_AIM OF THE EXERCISE_. When a record holds a picture, leave the picture out and copy everything else exactly.

━━━━━━━━━━

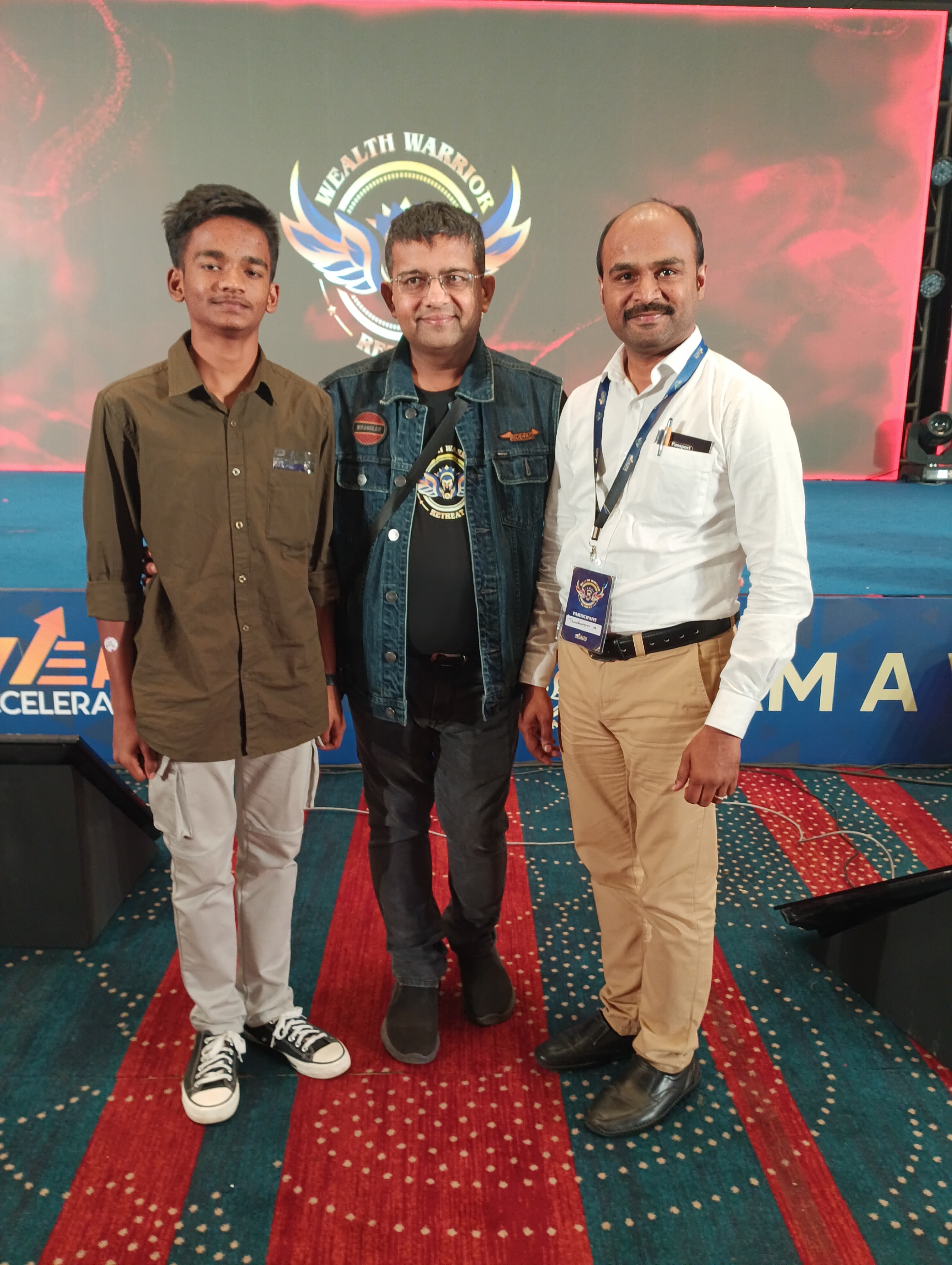 Thandavarayan M. with fellow coach and colleague at Wealth Warrior Retreat January 2025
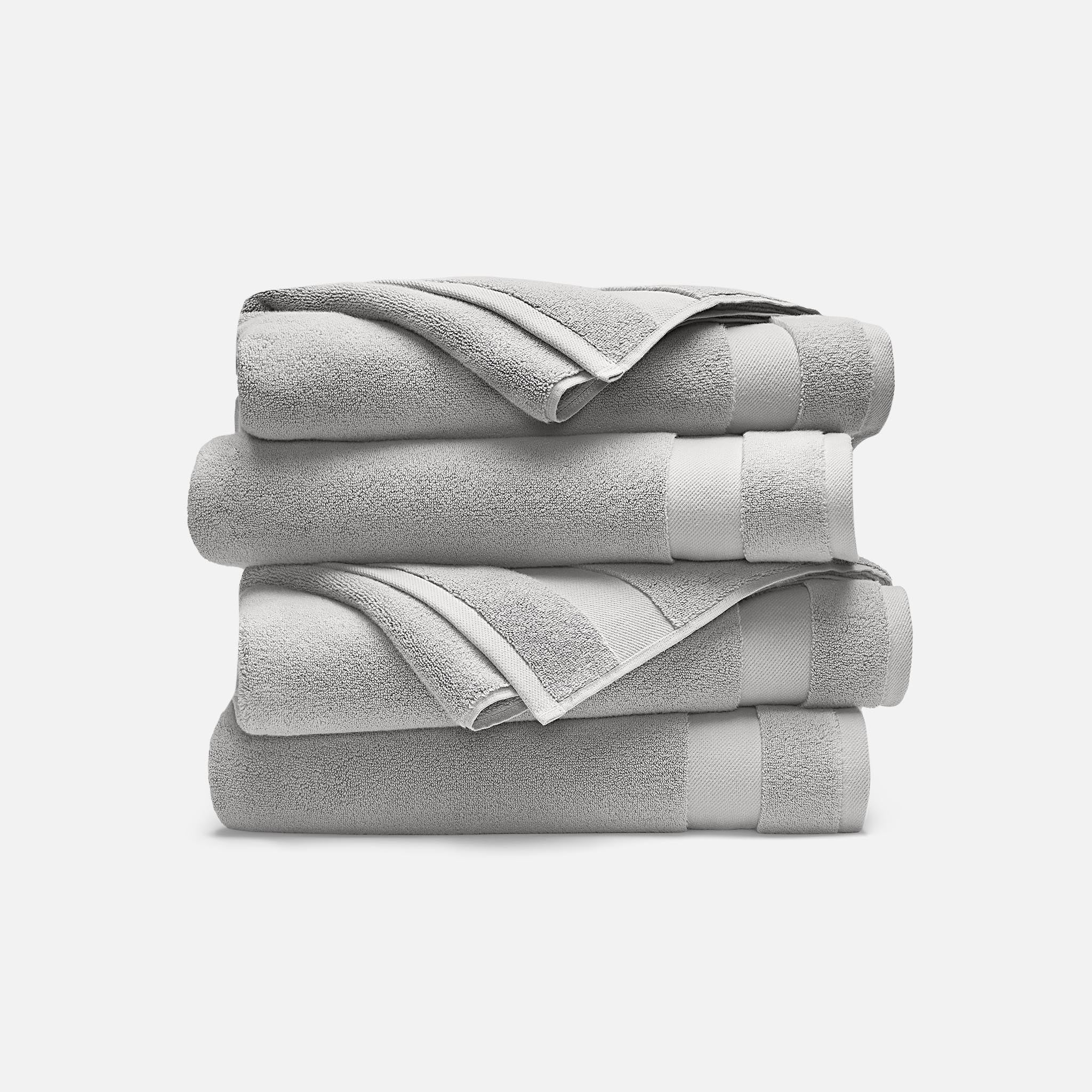 Super-Plush Set of 4 Bath Towel Bundle X7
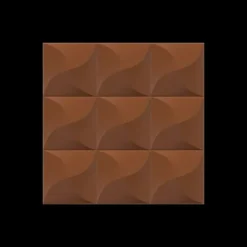 Moules À Chocolat*CUISINEADDICT Moule Embout de Bûche Carré 9017 Ondulé 8 cm (x6)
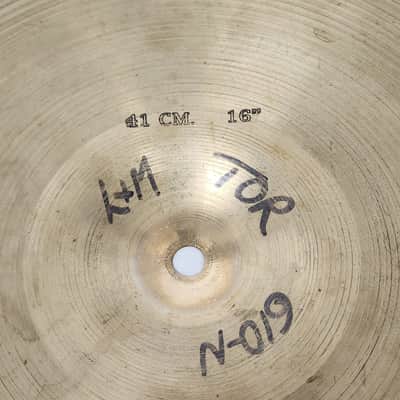 Vintage Sabian Block Hollow Logo 16" Crash Cymbal image 6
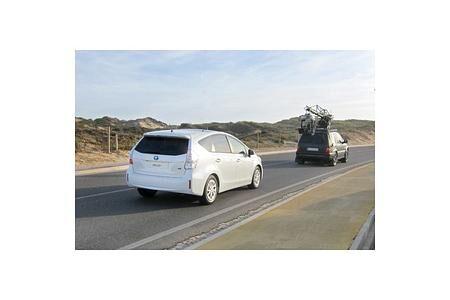 Erwischt: Prius  am Set in Portugal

━━━━━━━━━━

_RESPONSE FOR THIS EXERCISE_.
 Thandavarayan M. with fellow coach and colleague at Wealth Warrior Retreat January 2025
 Super-Plush Set of 4 Bath Towel Bundle X7
 Moules À Chocolat*CUISINEADDICT Moule Embout de Bûche Carré 9017 Ondulé 8 cm (x6)
 Vintage Sabian Block Hollow Logo 16" Crash Cymbal image 6
 Erwischt: Prius  am Set in Portugal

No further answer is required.